The breakthrough delivers adaptive feature extractors for both image and text modalities, effectively bridging the domain gap between pre-trained models and industrial data, this is further enhanced by generating diverse synthetic anomalies to improve feature discriminability. Researchers recorded that the adaptive CLIP encoders facilitate the transfer of dominant features from source to target domains, enriching features with domain-specific information. Measurements confirm that incorporating four distinct types of synthetic anomalies establishes more compact normal feature distributions, leading to more discriminative features and superior single-modal prediction results. The team meticulously measured the performance gains achieved through this enhanced feature extraction process, demonstrating a clear correlation between feature discriminability and anomaly detection accuracy.

VTFusion incorporates a dedicated multimodal prediction fusion module, comprising a fusion block that facilitates rich cross-modal information exchange and a segmentation network that generates refined pixel-level anomaly maps. Tests prove that this module effectively mitigates cross-modal interference, enabling semantic alignment between visual and textual features. Scientists achieved precise anomaly localization through the pixel-level supervised segmentation network, generating detailed anomaly maps that pinpoint irregularities with high accuracy. The framework learns discriminative hybrid features by integrating dedicated fusion blocks, resulting in fine-grained anomaly detection results and improved overall performance.

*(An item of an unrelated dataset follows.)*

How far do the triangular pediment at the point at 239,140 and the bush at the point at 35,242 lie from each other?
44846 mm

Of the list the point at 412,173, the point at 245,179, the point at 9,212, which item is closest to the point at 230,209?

Results demonstrate that VTFusion’s ability to combine commonsensical knowledge encoded in text with domain-specific visual cues provides a comprehensive understanding of anomaly patterns. The study synthesised diverse anomalies to establish more compact normal feature distributions and then obtain more discriminative features, improving single-modal prediction results. The framework’s adaptive CLIP mitigates the domain gap, while the multimodal prediction fusion module enhances the robustness of anomaly detection against cross-modal interference, this combination delivers a significant leap forward in FSAD technology.

VTFusion boosts industrial anomaly detection performance significantly

Scientists have developed VTFusion, a novel vision-text multimodal fusion framework for few-shot anomaly detection (FSAD) in industrial settings. This research addresses limitations in existing methods that rely on pre-trained models unsuitable for specific industrial data and employ simplistic fusion strategies. VTFusion introduces adaptive feature extractors for both image and text data, alongside synthetic anomaly generation, to create robust, domain-specific representations. The framework further incorporates a dedicated multimodal prediction fusion module, utilising self-attention to selectively amplify discriminative features and refine pixel-level anomaly maps.

Experiments on the MVTec AD and VisA datasets demonstrate VTFusion’s superior performance, achieving image-level AUROCs of 96.8% and 86.2% respectively in the 2-scenario, and an AUPRO of 93.5% on a real-world automotive plastic parts dataset. The authors acknowledge limitations in handling intricate elements not present in pre-trained datasets and a potential struggle with general prompts for the text encoder. Future research will explore generalized multimodal fusion frameworks integrating attention mechanisms across 2D, 3D, and textual modalities, alongside advanced anomaly synthesis methods to improve data scarcity and generalisation.